### PROBLEM
Exactly the lines from the one with "Продам куртку для собаки маленьких пород" through the end of the data below must be set down, and no pictures with them.

### DATA BELOW
━━━━━━━━━━━━━━━━━━━━
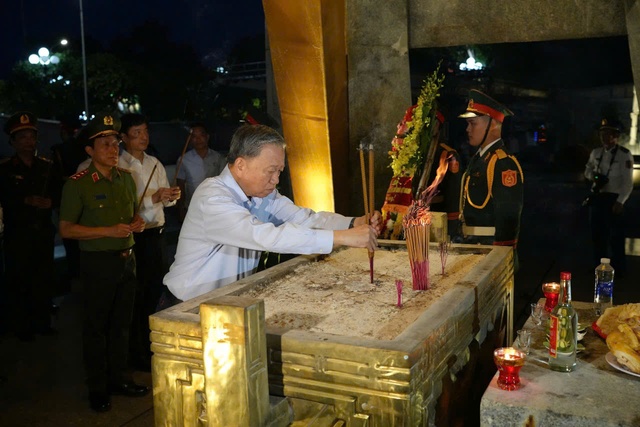 Tổng Bí thư, Chủ tịch nước Tô Lâm dâng hương, tri ân các anh hùng liệt sỹ tại Quảng Trị - Ảnh 4.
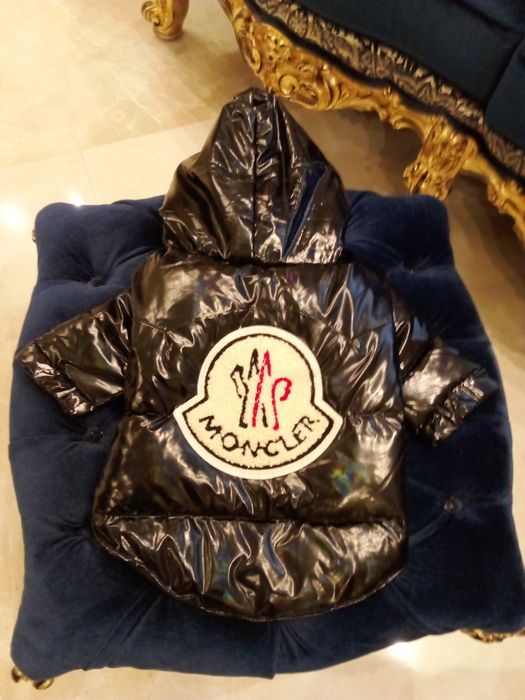 Продам куртку для собаки маленьких пород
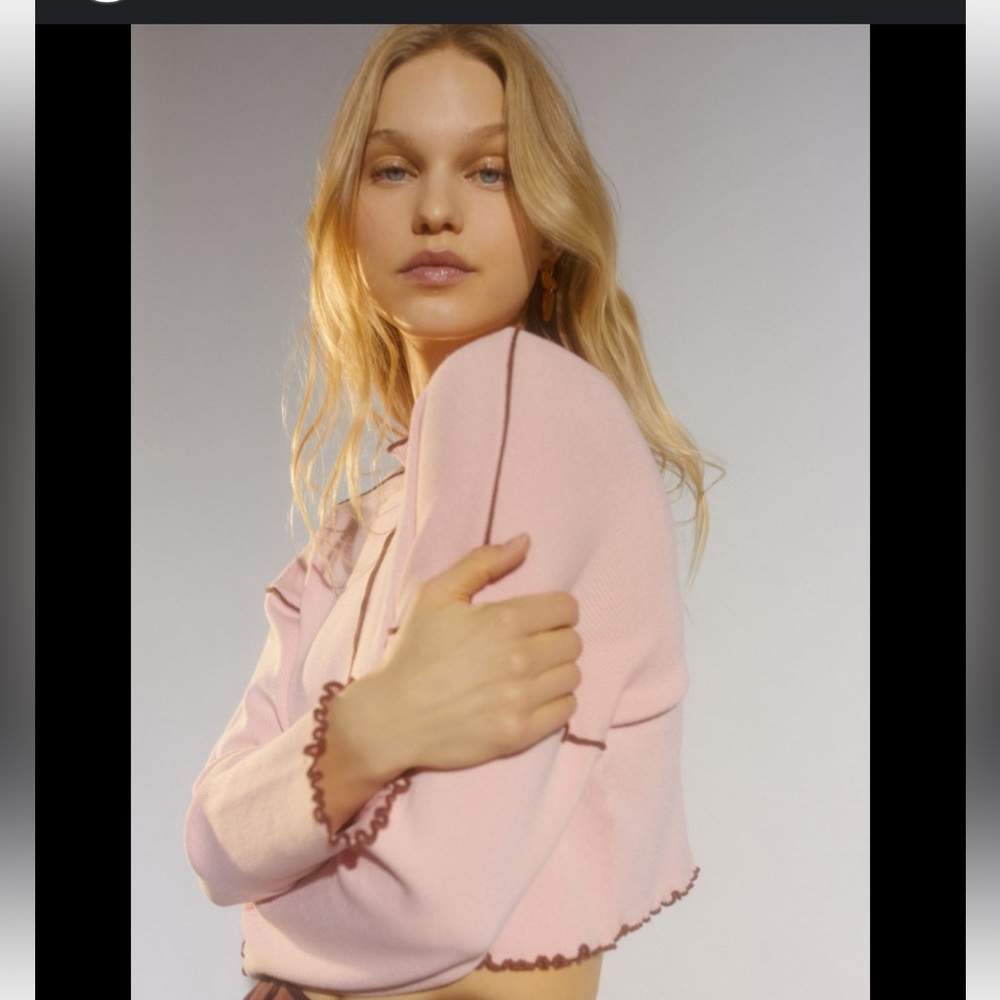 ❤️Valentines❤️ Urban Outfitters Zella Pullover Sweater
━━━━━━━━━━━━━━━━━━━━
### THE COMPLETED TASK
 Продам куртку для собаки маленьких пород
 ❤️Valentines❤️ Urban Outfitters Zella Pullover Sweater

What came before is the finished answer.